▸ What you are asked to do: The response must consist of the records below, copied exactly.

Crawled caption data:
- - -

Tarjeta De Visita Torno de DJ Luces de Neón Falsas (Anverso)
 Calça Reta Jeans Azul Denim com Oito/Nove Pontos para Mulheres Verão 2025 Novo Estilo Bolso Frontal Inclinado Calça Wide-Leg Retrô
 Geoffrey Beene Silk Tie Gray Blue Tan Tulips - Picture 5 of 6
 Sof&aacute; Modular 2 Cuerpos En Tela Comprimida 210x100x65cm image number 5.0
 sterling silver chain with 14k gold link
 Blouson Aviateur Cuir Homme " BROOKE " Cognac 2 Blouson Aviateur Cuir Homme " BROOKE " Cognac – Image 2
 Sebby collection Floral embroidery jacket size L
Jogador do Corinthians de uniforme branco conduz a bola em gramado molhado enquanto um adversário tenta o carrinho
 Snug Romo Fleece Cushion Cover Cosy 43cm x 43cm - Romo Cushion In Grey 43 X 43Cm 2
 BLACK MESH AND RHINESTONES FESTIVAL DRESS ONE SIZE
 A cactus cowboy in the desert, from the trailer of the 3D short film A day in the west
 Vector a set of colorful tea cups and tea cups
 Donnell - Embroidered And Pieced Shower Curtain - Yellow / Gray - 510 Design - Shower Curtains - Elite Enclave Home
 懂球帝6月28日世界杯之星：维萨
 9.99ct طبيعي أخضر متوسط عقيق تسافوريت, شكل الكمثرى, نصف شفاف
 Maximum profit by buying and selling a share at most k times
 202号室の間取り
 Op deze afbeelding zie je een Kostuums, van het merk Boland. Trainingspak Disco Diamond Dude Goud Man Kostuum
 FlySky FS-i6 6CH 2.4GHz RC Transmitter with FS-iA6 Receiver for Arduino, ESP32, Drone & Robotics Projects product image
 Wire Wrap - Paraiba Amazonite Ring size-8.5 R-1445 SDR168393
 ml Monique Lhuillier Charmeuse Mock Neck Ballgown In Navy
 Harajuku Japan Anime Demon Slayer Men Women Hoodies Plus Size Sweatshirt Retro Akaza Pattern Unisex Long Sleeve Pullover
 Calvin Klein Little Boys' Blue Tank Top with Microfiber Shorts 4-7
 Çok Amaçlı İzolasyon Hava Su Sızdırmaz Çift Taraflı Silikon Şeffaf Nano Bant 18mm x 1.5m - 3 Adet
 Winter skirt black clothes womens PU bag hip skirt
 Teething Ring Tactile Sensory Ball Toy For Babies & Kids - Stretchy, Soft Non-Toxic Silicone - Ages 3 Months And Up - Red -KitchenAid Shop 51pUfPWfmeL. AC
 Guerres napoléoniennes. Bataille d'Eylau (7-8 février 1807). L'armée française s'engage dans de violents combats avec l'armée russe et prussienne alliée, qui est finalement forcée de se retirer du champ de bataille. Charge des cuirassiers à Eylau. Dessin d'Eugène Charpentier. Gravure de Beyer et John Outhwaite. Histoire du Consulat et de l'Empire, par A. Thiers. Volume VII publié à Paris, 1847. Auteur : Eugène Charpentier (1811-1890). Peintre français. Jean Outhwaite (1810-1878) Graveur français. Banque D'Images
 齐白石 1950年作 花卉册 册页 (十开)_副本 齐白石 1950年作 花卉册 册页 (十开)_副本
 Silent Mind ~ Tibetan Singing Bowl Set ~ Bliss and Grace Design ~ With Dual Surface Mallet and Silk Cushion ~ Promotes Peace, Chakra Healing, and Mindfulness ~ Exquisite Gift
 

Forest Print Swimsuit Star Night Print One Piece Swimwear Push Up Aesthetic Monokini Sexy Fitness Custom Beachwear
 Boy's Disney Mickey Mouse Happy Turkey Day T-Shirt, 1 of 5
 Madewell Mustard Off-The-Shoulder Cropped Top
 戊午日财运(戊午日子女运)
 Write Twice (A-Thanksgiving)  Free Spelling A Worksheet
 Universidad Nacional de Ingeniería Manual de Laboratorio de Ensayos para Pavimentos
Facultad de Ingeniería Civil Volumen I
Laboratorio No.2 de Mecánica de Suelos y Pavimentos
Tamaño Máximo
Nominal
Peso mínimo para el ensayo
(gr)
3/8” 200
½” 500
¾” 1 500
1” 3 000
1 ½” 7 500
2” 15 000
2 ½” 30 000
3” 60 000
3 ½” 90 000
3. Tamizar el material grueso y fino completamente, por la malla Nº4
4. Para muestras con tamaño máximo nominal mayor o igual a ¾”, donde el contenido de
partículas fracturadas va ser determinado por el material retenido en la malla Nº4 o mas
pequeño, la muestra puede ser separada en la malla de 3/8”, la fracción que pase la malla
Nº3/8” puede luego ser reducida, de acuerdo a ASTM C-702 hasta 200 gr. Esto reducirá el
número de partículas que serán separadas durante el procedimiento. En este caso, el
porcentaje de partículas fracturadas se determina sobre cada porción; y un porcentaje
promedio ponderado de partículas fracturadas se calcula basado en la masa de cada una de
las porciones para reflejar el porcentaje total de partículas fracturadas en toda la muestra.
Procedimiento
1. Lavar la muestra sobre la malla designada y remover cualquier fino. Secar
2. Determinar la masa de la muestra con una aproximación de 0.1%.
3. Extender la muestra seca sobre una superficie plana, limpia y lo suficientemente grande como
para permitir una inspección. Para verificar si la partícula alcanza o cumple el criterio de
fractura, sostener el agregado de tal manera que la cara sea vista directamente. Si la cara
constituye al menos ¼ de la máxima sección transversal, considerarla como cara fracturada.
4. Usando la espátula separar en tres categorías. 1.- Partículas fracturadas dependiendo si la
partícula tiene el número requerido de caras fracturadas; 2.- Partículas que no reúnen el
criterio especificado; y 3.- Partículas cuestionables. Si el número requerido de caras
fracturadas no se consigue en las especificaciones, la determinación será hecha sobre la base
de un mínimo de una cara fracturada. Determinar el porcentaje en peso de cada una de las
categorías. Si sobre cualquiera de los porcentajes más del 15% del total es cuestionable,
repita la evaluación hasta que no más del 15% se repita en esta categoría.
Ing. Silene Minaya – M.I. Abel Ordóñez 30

- - -

▸ Exercise answer:
Tarjeta De Visita Torno de DJ Luces de Neón Falsas (Anverso)
 Calça Reta Jeans Azul Denim com Oito/Nove Pontos para Mulheres Verão 2025 Novo Estilo Bolso Frontal Inclinado Calça Wide-Leg Retrô
 Geoffrey Beene Silk Tie Gray Blue Tan Tulips - Picture 5 of 6
 Sof&aacute; Modular 2 Cuerpos En Tela Comprimida 210x100x65cm image number 5.0
 sterling silver chain with 14k gold link
 Blouson Aviateur Cuir Homme " BROOKE " Cognac 2 Blouson Aviateur Cuir Homme " BROOKE " Cognac – Image 2
 Sebby collection Floral embroidery jacket size L
Jogador do Corinthians de uniforme branco conduz a bola em gramado molhado enquanto um adversário tenta o carrinho
 Snug Romo Fleece Cushion Cover Cosy 43cm x 43cm - Romo Cushion In Grey 43 X 43Cm 2
 BLACK MESH AND RHINESTONES FESTIVAL DRESS ONE SIZE
 A cactus cowboy in the desert, from the trailer of the 3D short film A day in the west
 Vector a set of colorful tea cups and tea cups
 Donnell - Embroidered And Pieced Shower Curtain - Yellow / Gray - 510 Design - Shower Curtains - Elite Enclave Home
 懂球帝6月28日世界杯之星：维萨
 9.99ct طبيعي أخضر متوسط عقيق تسافوريت, شكل الكمثرى, نصف شفاف
 Maximum profit by buying and selling a share at most k times
 202号室の間取り
 Op deze afbeelding zie je een Kostuums, van het merk Boland. Trainingspak Disco Diamond Dude Goud Man Kostuum
 FlySky FS-i6 6CH 2.4GHz RC Transmitter with FS-iA6 Receiver for Arduino, ESP32, Drone & Robotics Projects product image
 Wire Wrap - Paraiba Amazonite Ring size-8.5 R-1445 SDR168393
 ml Monique Lhuillier Charmeuse Mock Neck Ballgown In Navy
 Harajuku Japan Anime Demon Slayer Men Women Hoodies Plus Size Sweatshirt Retro Akaza Pattern Unisex Long Sleeve Pullover
 Calvin Klein Little Boys' Blue Tank Top with Microfiber Shorts 4-7
 Çok Amaçlı İzolasyon Hava Su Sızdırmaz Çift Taraflı Silikon Şeffaf Nano Bant 18mm x 1.5m - 3 Adet
 Winter skirt black clothes womens PU bag hip skirt
 Teething Ring Tactile Sensory Ball Toy For Babies & Kids - Stretchy, Soft Non-Toxic Silicone - Ages 3 Months And Up - Red -KitchenAid Shop 51pUfPWfmeL. AC
 Guerres napoléoniennes. Bataille d'Eylau (7-8 février 1807). L'armée française s'engage dans de violents combats avec l'armée russe et prussienne alliée, qui est finalement forcée de se retirer du champ de bataille. Charge des cuirassiers à Eylau. Dessin d'Eugène Charpentier. Gravure de Beyer et John Outhwaite. Histoire du Consulat et de l'Empire, par A. Thiers. Volume VII publié à Paris, 1847. Auteur : Eugène Charpentier (1811-1890). Peintre français. Jean Outhwaite (1810-1878) Graveur français. Banque D'Images
 齐白石 1950年作 花卉册 册页 (十开)_副本 齐白石 1950年作 花卉册 册页 (十开)_副本
 Silent Mind ~ Tibetan Singing Bowl Set ~ Bliss and Grace Design ~ With Dual Surface Mallet and Silk Cushion ~ Promotes Peace, Chakra Healing, and Mindfulness ~ Exquisite Gift
 

Forest Print Swimsuit Star Night Print One Piece Swimwear Push Up Aesthetic Monokini Sexy Fitness Custom Beachwear
 Boy's Disney Mickey Mouse Happy Turkey Day T-Shirt, 1 of 5
 Madewell Mustard Off-The-Shoulder Cropped Top
 戊午日财运(戊午日子女运)
 Write Twice (A-Thanksgiving)  Free Spelling A Worksheet
 Universidad Nacional de Ingeniería Manual de Laboratorio de Ensayos para Pavimentos
Facultad de Ingeniería Civil Volumen I
Laboratorio No.2 de Mecánica de Suelos y Pavimentos
Tamaño Máximo
Nominal
Peso mínimo para el ensayo
(gr)
3/8” 200
½” 500
¾” 1 500
1” 3 000
1 ½” 7 500
2” 15 000
2 ½” 30 000
3” 60 000
3 ½” 90 000
3. Tamizar el material grueso y fino completamente, por la malla Nº4
4. Para muestras con tamaño máximo nominal mayor o igual a ¾”, donde el contenido de
partículas fracturadas va ser determinado por el material retenido en la malla Nº4 o mas
pequeño, la muestra puede ser separada en la malla de 3/8”, la fracción que pase la malla
Nº3/8” puede luego ser reducida, de acuerdo a ASTM C-702 hasta 200 gr. Esto reducirá el
número de partículas que serán separadas durante el procedimiento. En este caso, el
porcentaje de partículas fracturadas se determina sobre cada porción; y un porcentaje
promedio ponderado de partículas fracturadas se calcula basado en la masa de cada una de
las porciones para reflejar el porcentaje total de partículas fracturadas en toda la muestra.
Procedimiento
1. Lavar la muestra sobre la malla designada y remover cualquier fino. Secar
2. Determinar la masa de la muestra con una aproximación de 0.1%.
3. Extender la muestra seca sobre una superficie plana, limpia y lo suficientemente grande como
para permitir una inspección. Para verificar si la partícula alcanza o cumple el criterio de
fractura, sostener el agregado de tal manera que la cara sea vista directamente. Si la cara
constituye al menos ¼ de la máxima sección transversal, considerarla como cara fracturada.
4. Usando la espátula separar en tres categorías. 1.- Partículas fracturadas dependiendo si la
partícula tiene el número requerido de caras fracturadas; 2.- Partículas que no reúnen el
criterio especificado; y 3.- Partículas cuestionables. Si el número requerido de caras
fracturadas no se consigue en las especificaciones, la determinación será hecha sobre la base
de un mínimo de una cara fracturada. Determinar el porcentaje en peso de cada una de las
categorías. Si sobre cualquiera de los porcentajes más del 15% del total es cuestionable,
repita la evaluación hasta que no más del 15% se repita en esta categoría.
Ing. Silene Minaya – M.I. Abel Ordóñez 30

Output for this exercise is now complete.